• TASK DESCRIPTION
Your answer should be the records again, unchanged in wording and free of images.

• GIVEN DATA
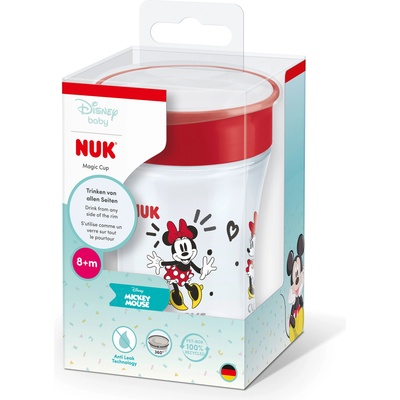 Nuk Чаша Magic Cup 230мл. , 8+мес. Mickey, червена (10255705)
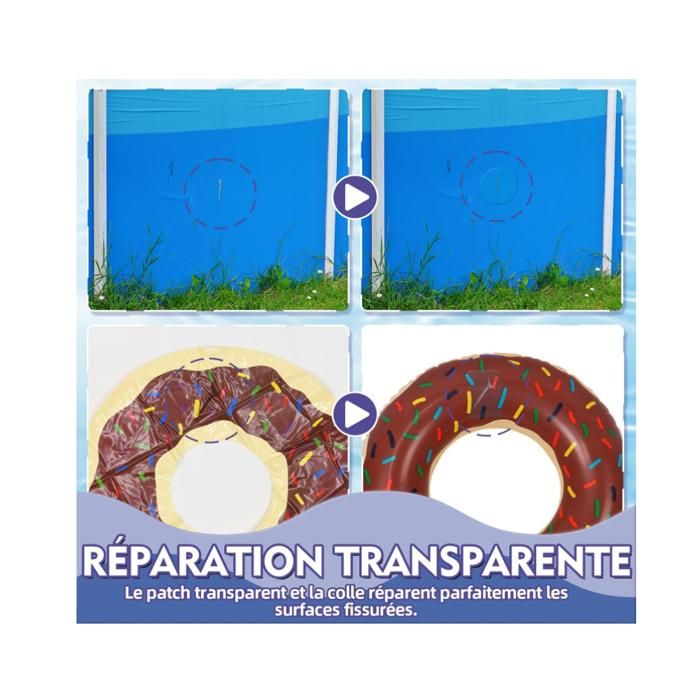 Kit réparation Liner rustine transparente - La Boutique Desjoyaux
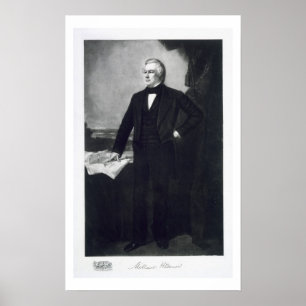 Póster Millard Fillmore, 13° Presidente de los Estados Un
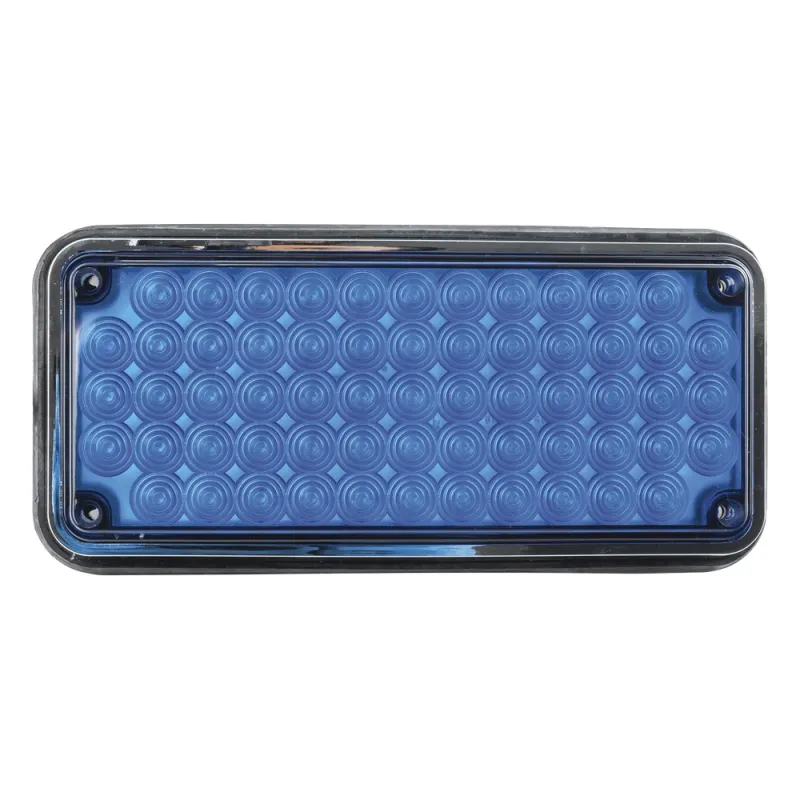 Luz de advertencia de 7x3", Color Azul, Ideal para ambulancias
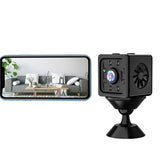 Outdoor Hd Night Vision Camera - 1080P Infrared Black - Front View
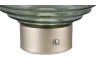 LED stolná lampa nabíjacia Earl 14 cm, zelené sklo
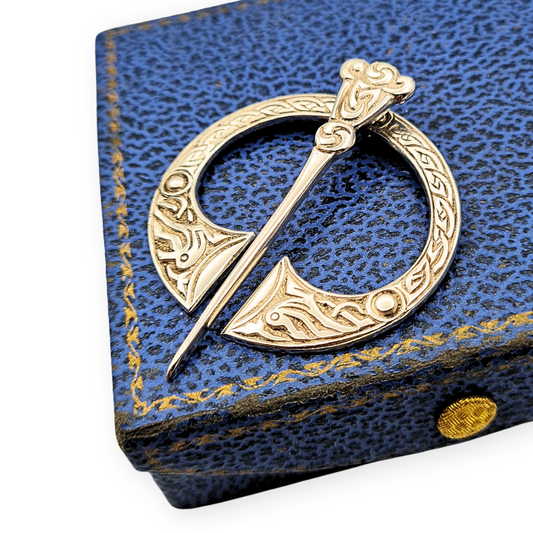 Scottish Silver Celtic Kilt Pin, F Narborough, Birmingham 1960, Hallmarked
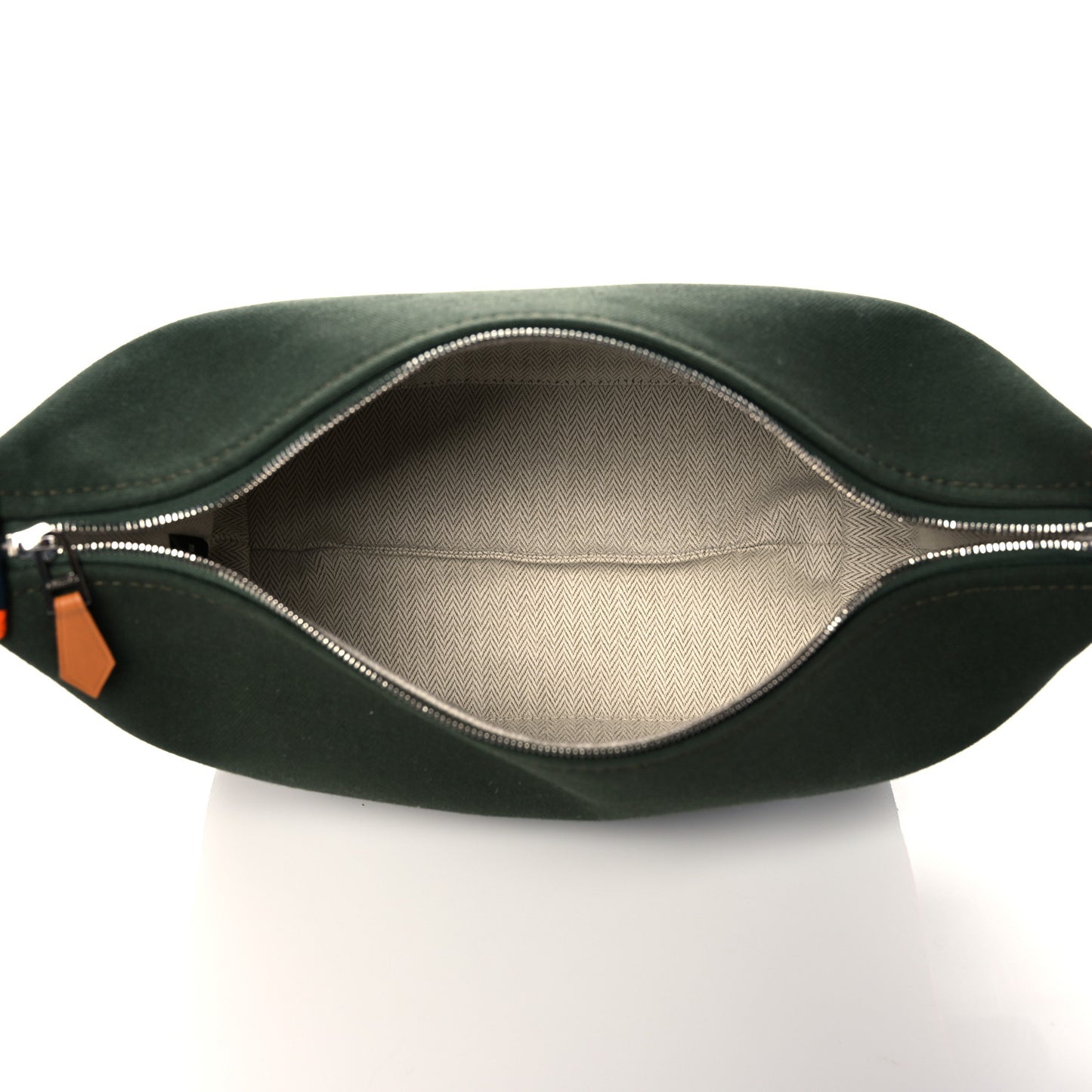 Canvas Small Bride-A-Brac Pouch Vert Foret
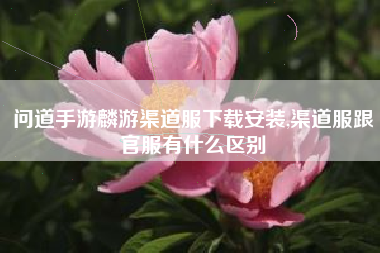 问道手游麟游渠道服下载安装,渠道服跟官服有什么区别
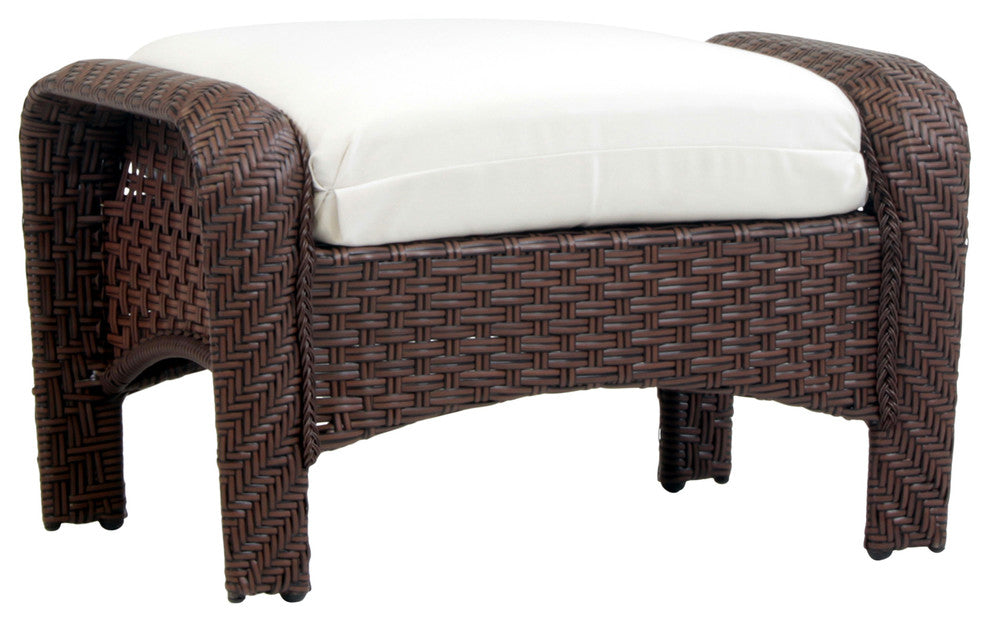 Martinique Ottoman, Husk Texture Birch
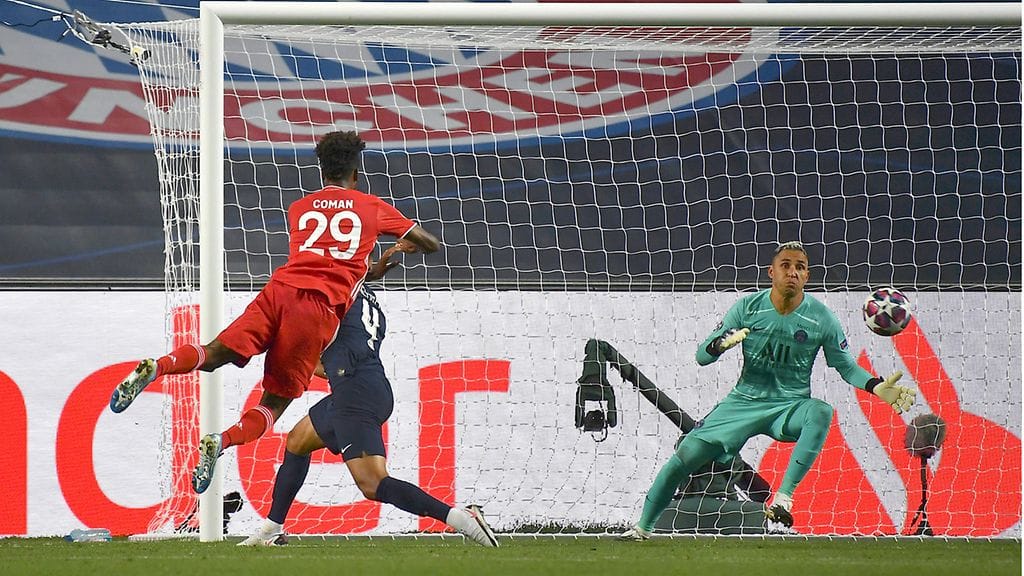 Kingsley Coman puski Mestarien liigan finaalin ainoan maalin.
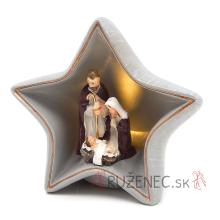 Weihnachtskrippe LED-beleuchtete - 9x10x5cm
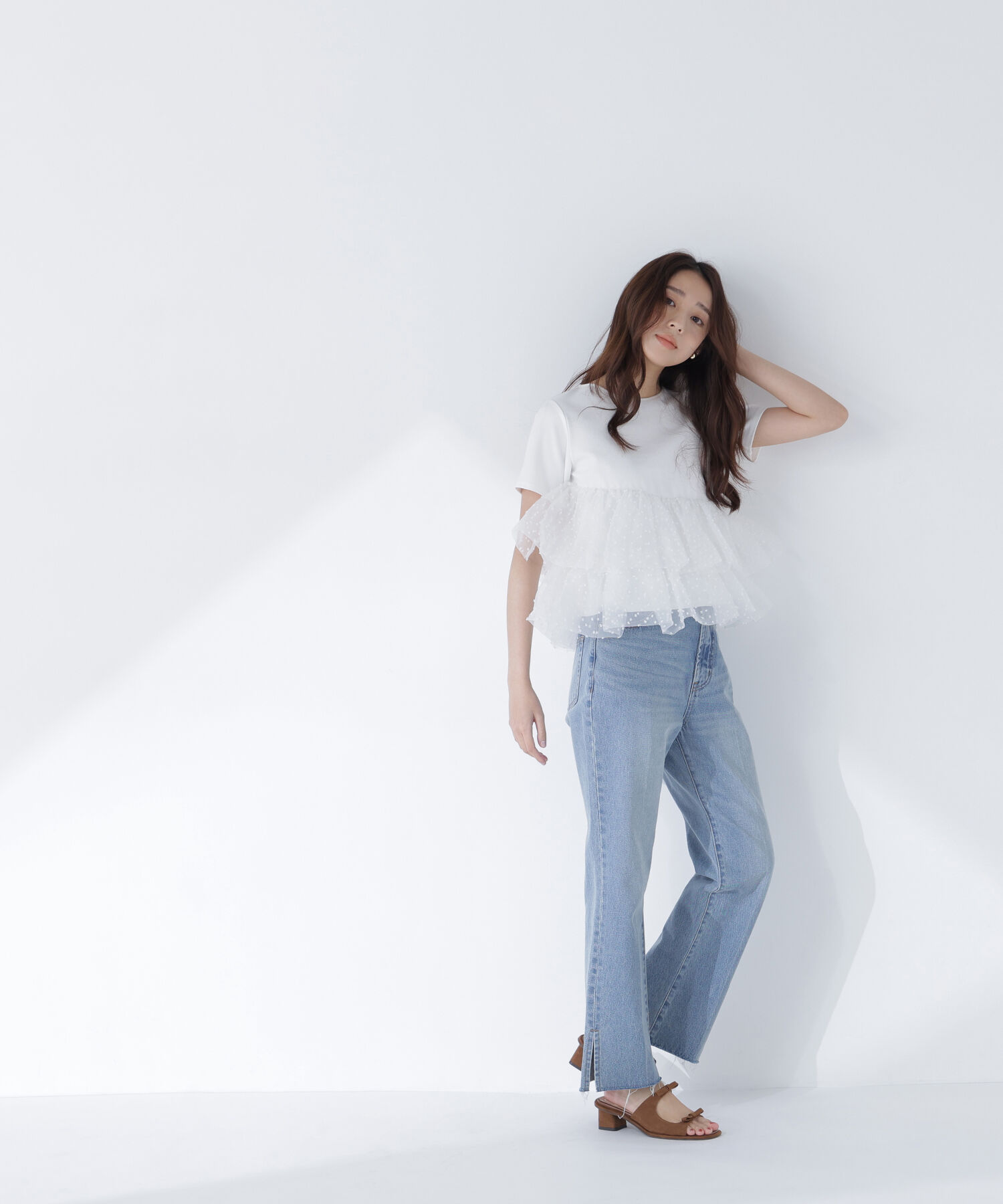  「カットドビーティアードカットソー」|Tシャツ・カットソー|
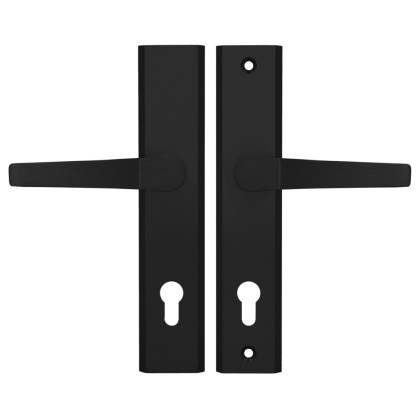 Klamko Klamka AXA Fast Premium F8 czarna rozstaw 92 mm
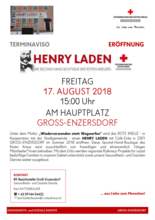 Rotes Kreuz eröffnet Henry Laden am 17. August 2018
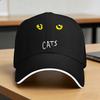 Cat LOGO Baseball Cap Yk Funny UnisexTeens Trucker Hat Adjustable Custom DIY Outdoor Sports Baseball Caps Birthday Present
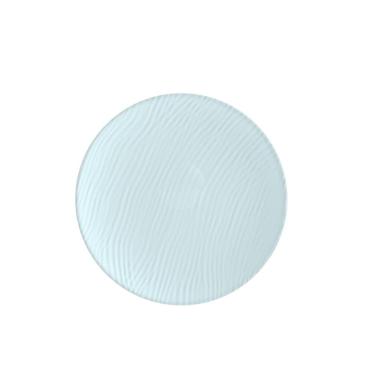 Imagem de Prato  Sobremesa Relevo Dunas Azul Vintage Germer Porcelanas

• RESULT FOR THIS TASK
 Nuk Чаша Magic Cup 230мл. , 8+мес. Mickey, червена (10255705)
 Kit réparation Liner rustine transparente - La Boutique Desjoyaux
 Póster Millard Fillmore, 13° Presidente de los Estados Un
 Luz de advertencia de 7x3", Color Azul, Ideal para ambulancias
 Outdoor Hd Night Vision Camera - 1080P Infrared Black - Front View
 LED stolná lampa nabíjacia Earl 14 cm, zelené sklo
 Scottish Silver Celtic Kilt Pin, F Narborough, Birmingham 1960, Hallmarked
 Canvas Small Bride-A-Brac Pouch Vert Foret
 问道手游麟游渠道服下载安装,渠道服跟官服有什么区别
 Martinique Ottoman, Husk Texture Birch
 Kingsley Coman puski Mestarien liigan finaalin ainoan maalin.
 Weihnachtskrippe LED-beleuchtete - 9x10x5cm
  「カットドビーティアードカットソー」|Tシャツ・カットソー|
 Klamko Klamka AXA Fast Premium F8 czarna rozstaw 92 mm
 Rotes Kreuz eröffnet Henry Laden am 17. August 2018
 Cat LOGO Baseball Cap Yk Funny UnisexTeens Trucker Hat Adjustable Custom DIY Outdoor Sports Baseball Caps Birthday Present
 Imagem de Prato  Sobremesa Relevo Dunas Azul Vintage Germer Porcelanas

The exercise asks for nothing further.